Books of the month: From Ali Smith’s Summer to Matt Haig’s The Midnight Library

Martin Chilton reviews five of August’s releases for our monthly book column 

Nature books are growing in popularity and August is bursting with tales of the love affairs humans have with the environment and everything in it, from trees and magpies to sheep and wasps.

The Oak Papers by James Canton (Canongate) is an enchanting piece of nature writing and a meditation on finding connection in a disconnected world. Birds feature prominently in Charlie Gilmour’s enjoyable memoir Featherwood (W&N), while Antlers of Water (Canongate), a book edited by Kathleen Jamie, features some fine writing on Scotland’s environment. The contributors include folk singer Karine Polwart and former nurse Jacqueline Bain, who writes a witty account of her “kinship with wasps”. Two small nuggets: there are 9,000 species of wasps in the UK and only female wasps sting.
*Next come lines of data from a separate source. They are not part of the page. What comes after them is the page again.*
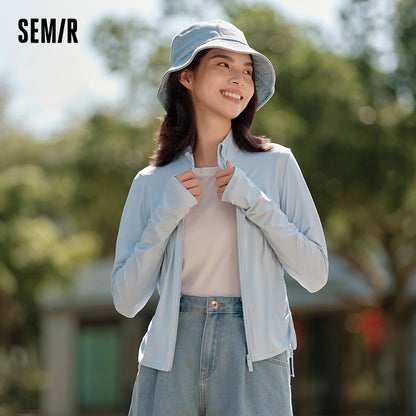 Original Yarn Sunscreen Jacket Female Tight  Summer Cool Feeling Short Thin Sunscreen Jacket Ice Silk Sunscreen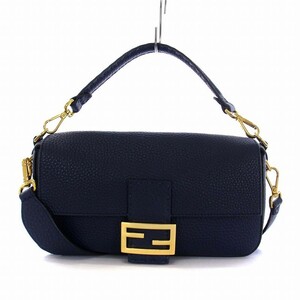 フェンディ FENDI selleria セレリア バゲットバッグ ハンドバッグ ショルダーバッグ 2WAY レザー 紺 ネイビー 8BR771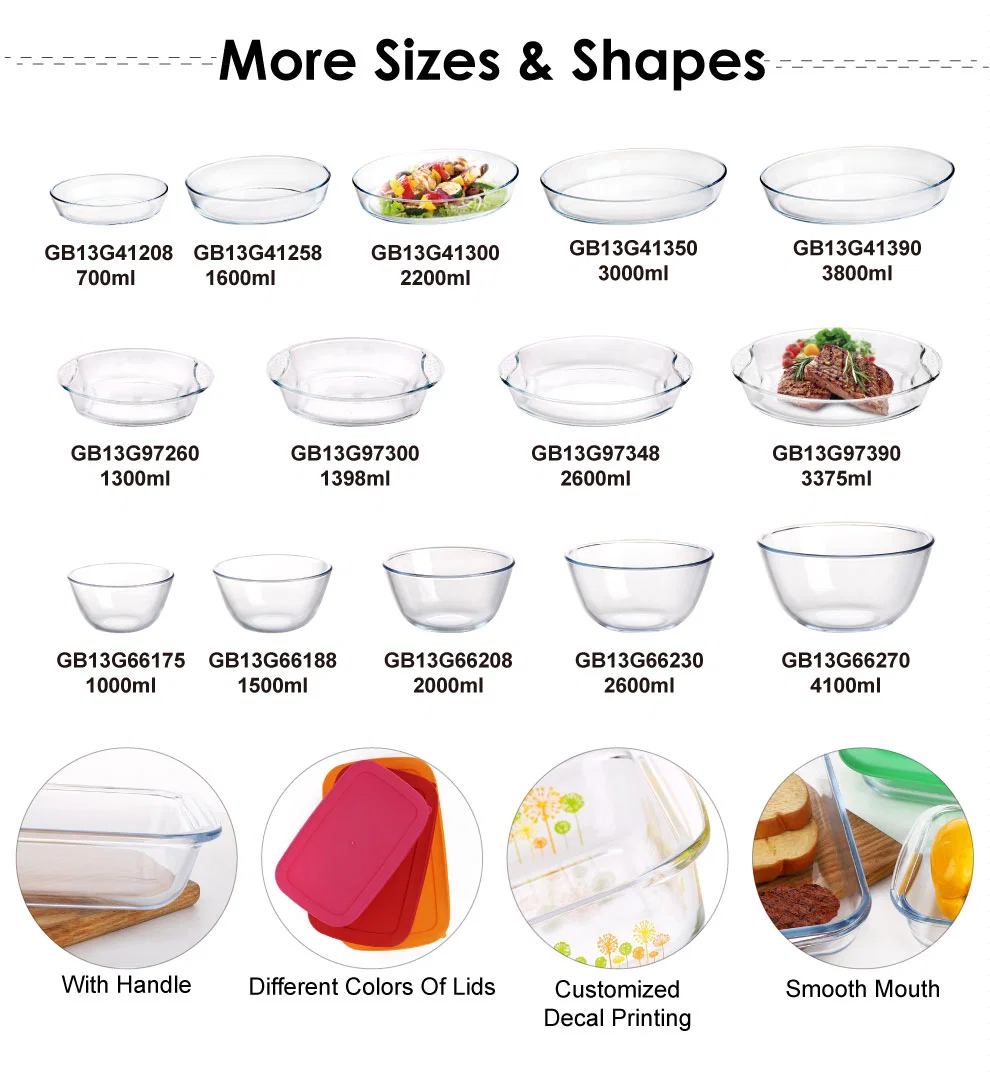 Wholesale Glassware 6.9 Inch Amber Color Glass Baking Bowl Baking Casseroles with Lid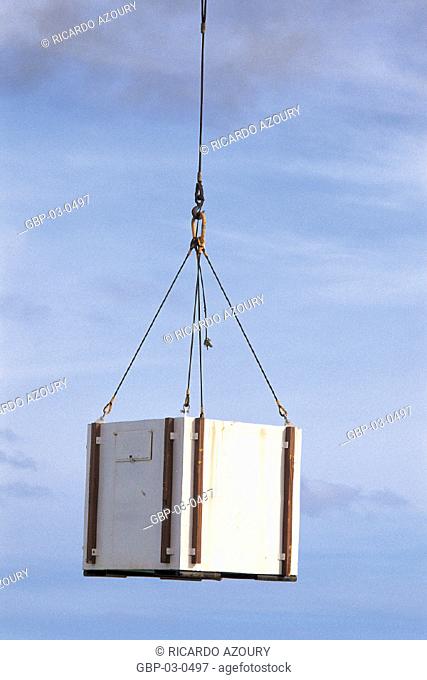 Photo illustrated box suspended by a wire rope, cargo box, cables, transport, support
Robert Wainwright’s Enid (Atlantic Books) tells the intriguing story of the “scandalous” high society adventurer Enid Lindeman (1892-1973), who was nicknamed “Lady Killmore” by writer Somerset Maugham. One of her many husbands was an oddball called Marmaduke Furness, an aristocratic tycoon who insisted on having “freshly ironed shoelaces each day”. A more sobering non-fiction read this month is the well-researched Generation Rent by Chloe Timperley (Canbury Press). “The housing crisis is just getting started,” warns Timperley in this important book.